Lab 5: Correlations
Instructions
We are going to investigate what is most highly related to the number of Spotify streams in this Popular Music dataset. This data was taken from: https://www.kaggle.com/datasets/ahmadrazakashif/spotify-popularity-songs
Here are the things that you will need for this lab:
When you are finished, click the Knit button to turn your work into an HTML document. You will submit both this .Rmd
file and the 🧶knitted .html
file.
Scenario and Goal
We have been asked by an up and coming music artist to use our advanced data analytic skills to see what has been related to the most popular songs. They have provided us with all of this data for recent popular songs that have been streamed the most.
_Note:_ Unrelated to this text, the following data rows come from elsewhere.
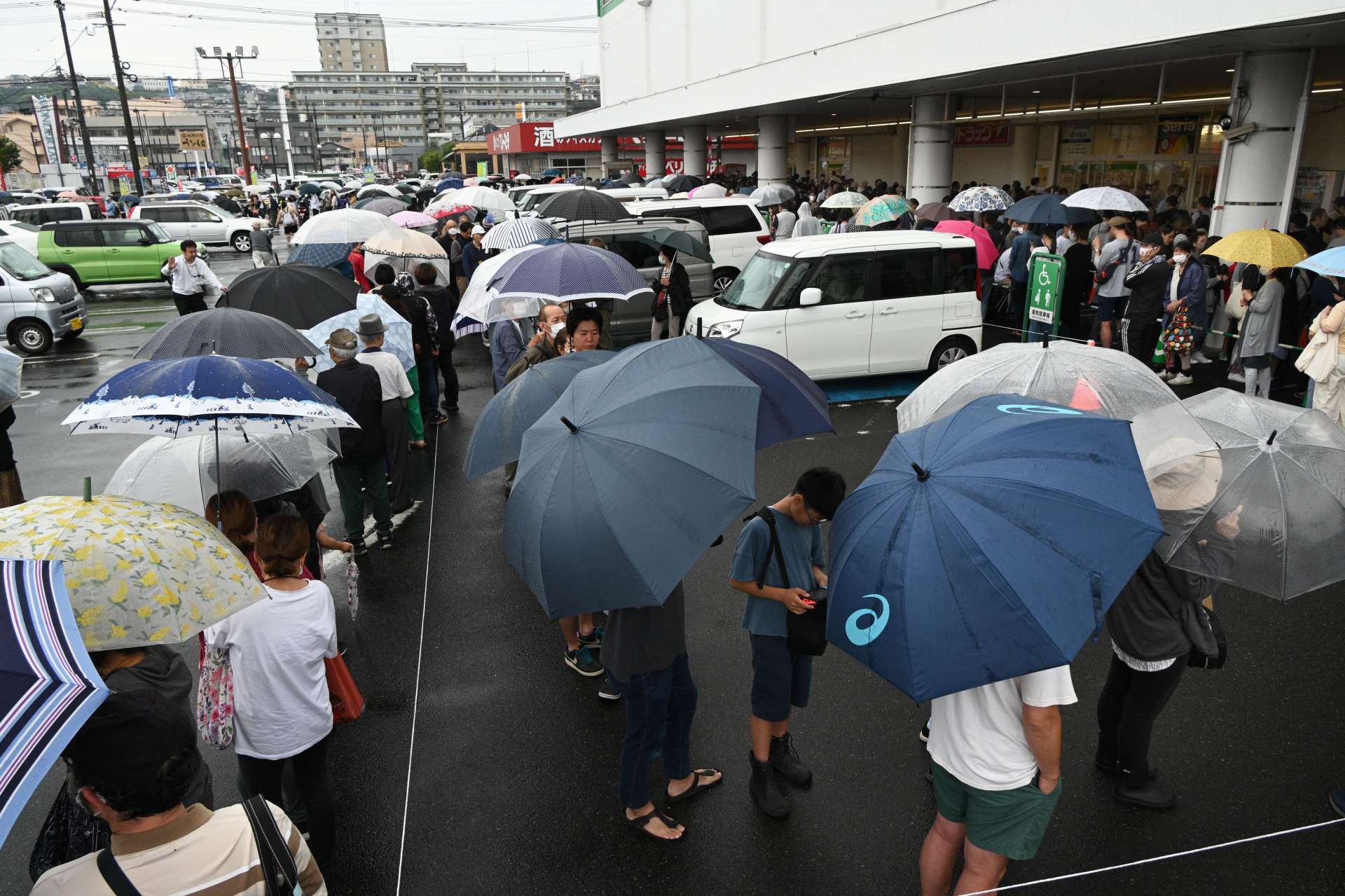 屋外駐車場にまで延びた備蓄米目当ての列＝８日午前９時２０分ごろ、鹿児島市のサンキュー新栄店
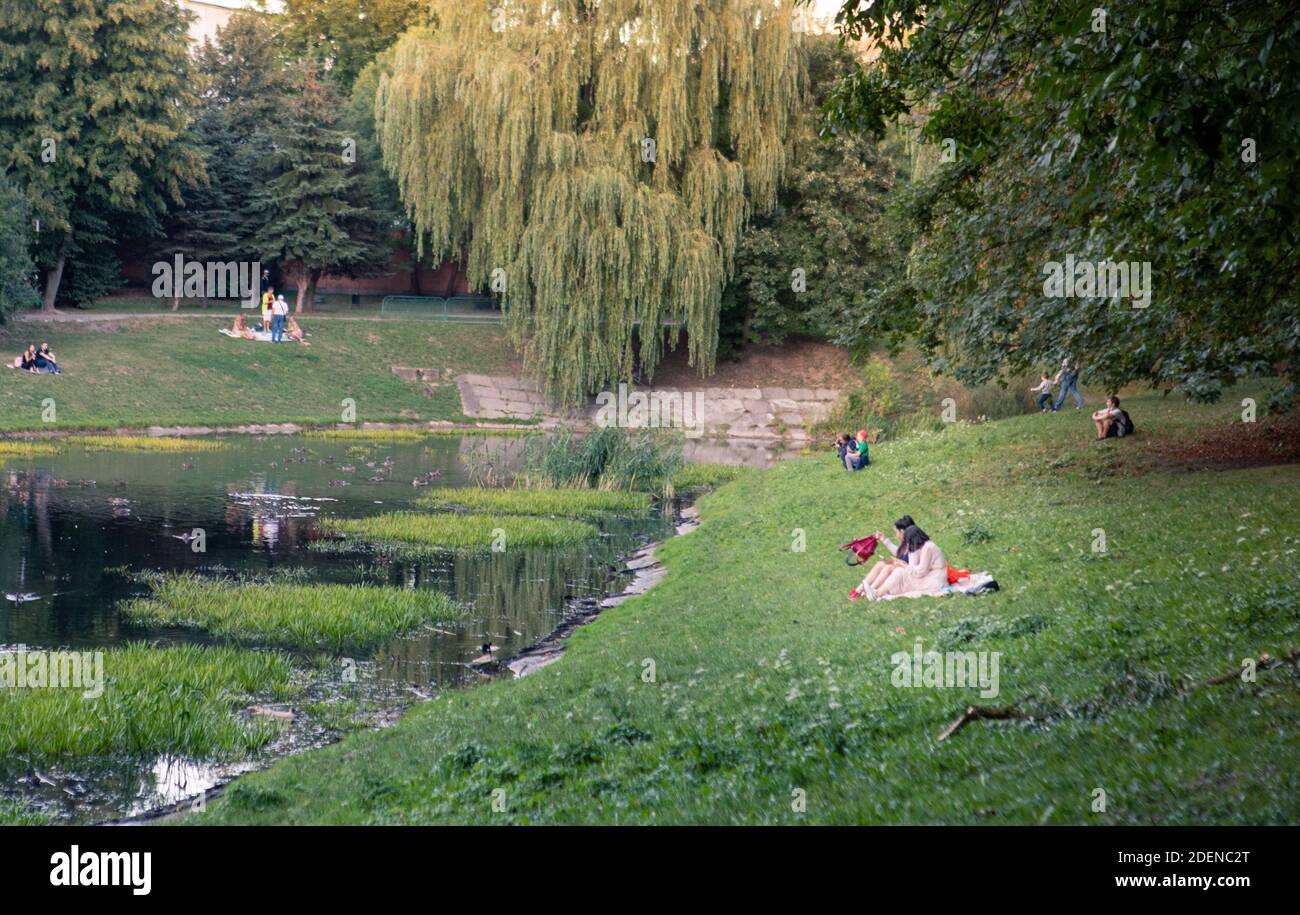 Lviv, Ukraine - 28. August 2020: Menschen, die in der Nähe von See in der Stadt öffentlichen Park Kopie Platz. Blick auf Enten Stockfoto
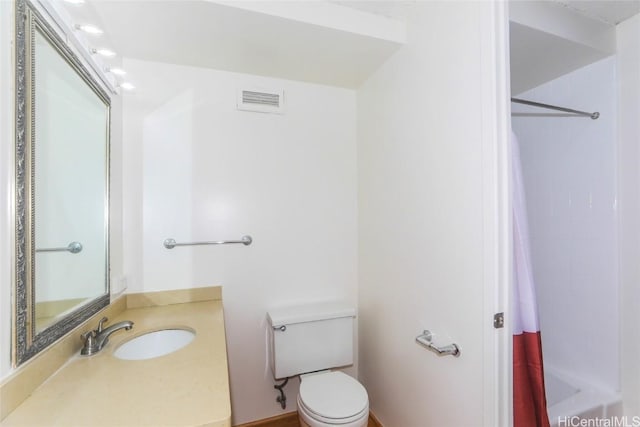 full bathroom with toilet, vanity, and visible vents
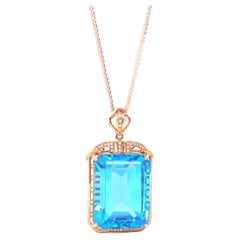 14k Rose Gold London Blue Topaz Emerald Cut Prong Set Necklace with Diamonds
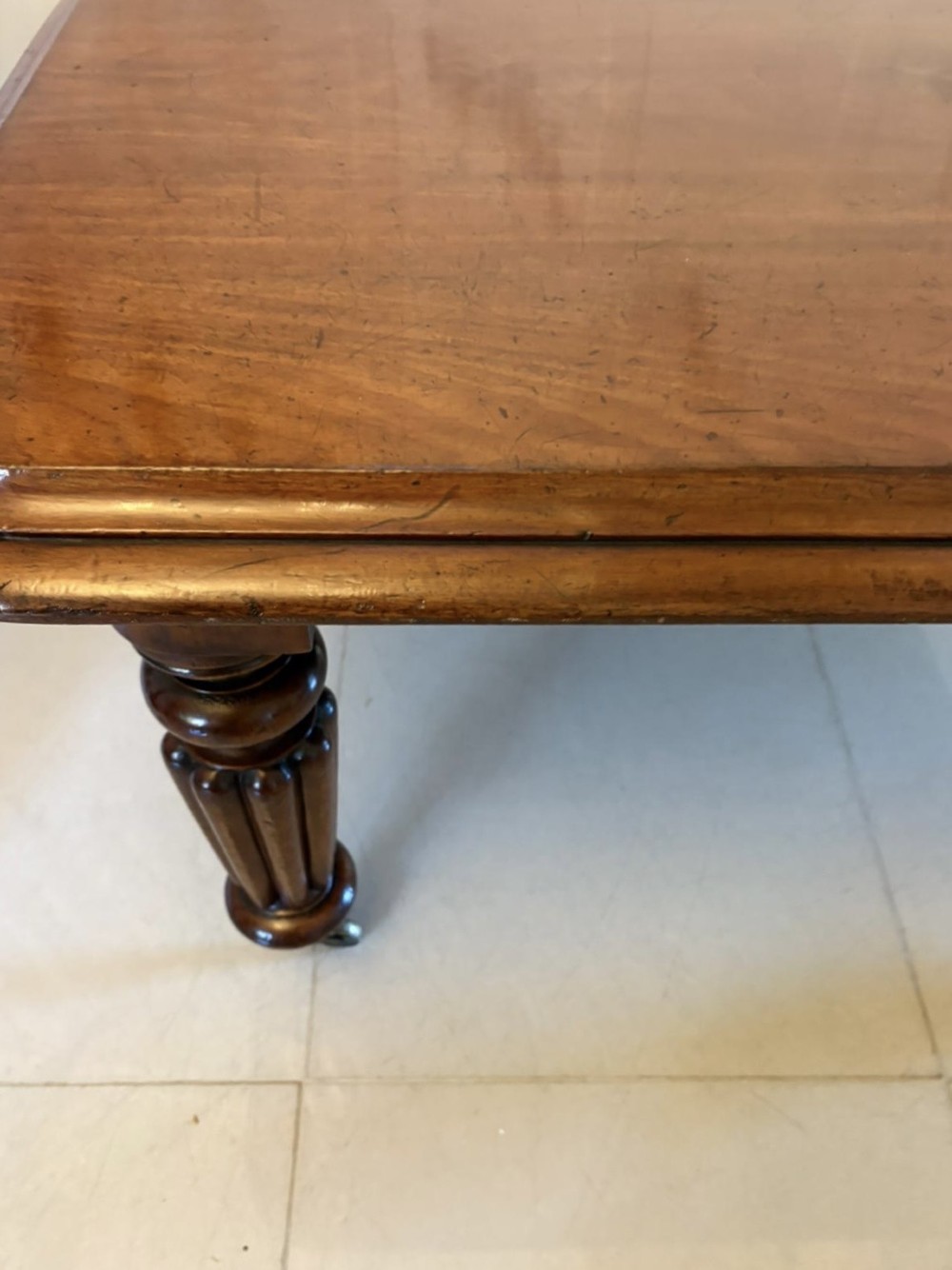 A large Victorian mahogany extending dining table with a polished surface, moulded rim, additional leaves, and turned fluted legs on brass castors. View III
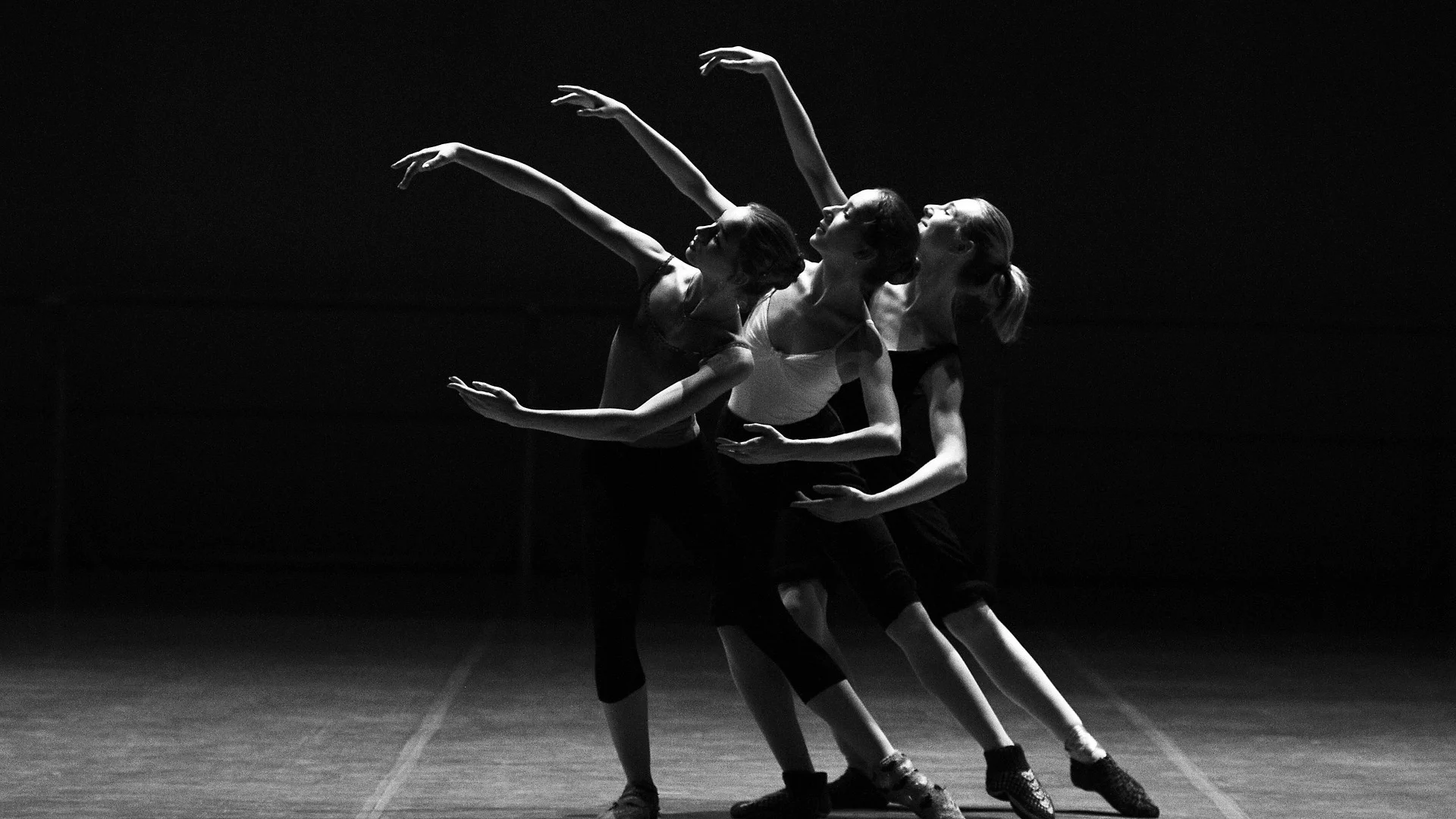 A trio of dancers in dramatic dark lighting, illustrative of Crystal Pite's ensemble-driven physical theatre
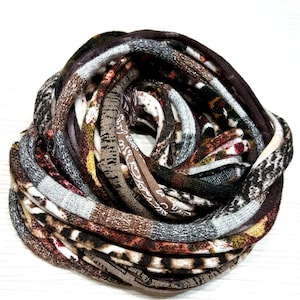 May include: A circular infinity scarf featuring a multi-patterned knit fabric in shades of brown, black, white, and gray. The textile displays various textures and prints, including animal-inspired motifs and geometric patterns, coiled into a dense, layered loop.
Our goal is to identify which variable is most related to higher streams. These variables that they are looking at are things like danceability, instrumentalness, etc.
Variables of Interest
streams
: The number of streams for the individual songPercentage Variables: These variables reflect a rating from 0-100 on the intensity related to that variable
danceability_%
valence_%
energy_%
acousticness_%
instrumentalness_%
liveness_%
speechiness_%
Lab Exercises
Import your data and use the clean_names()
function to make the variables a little nicer looking
Start by creating a correlation table (make sure it looks nice and not just an output from R using cor()
).
Examine the correlation table and identify the two largest effects with the outcome (streams
).
Visualize the two correlations that you have identified.
Choose one of the relationships that you visualized and write the results in APA format.
End of Lab. Don’t forget to Knit! 🧶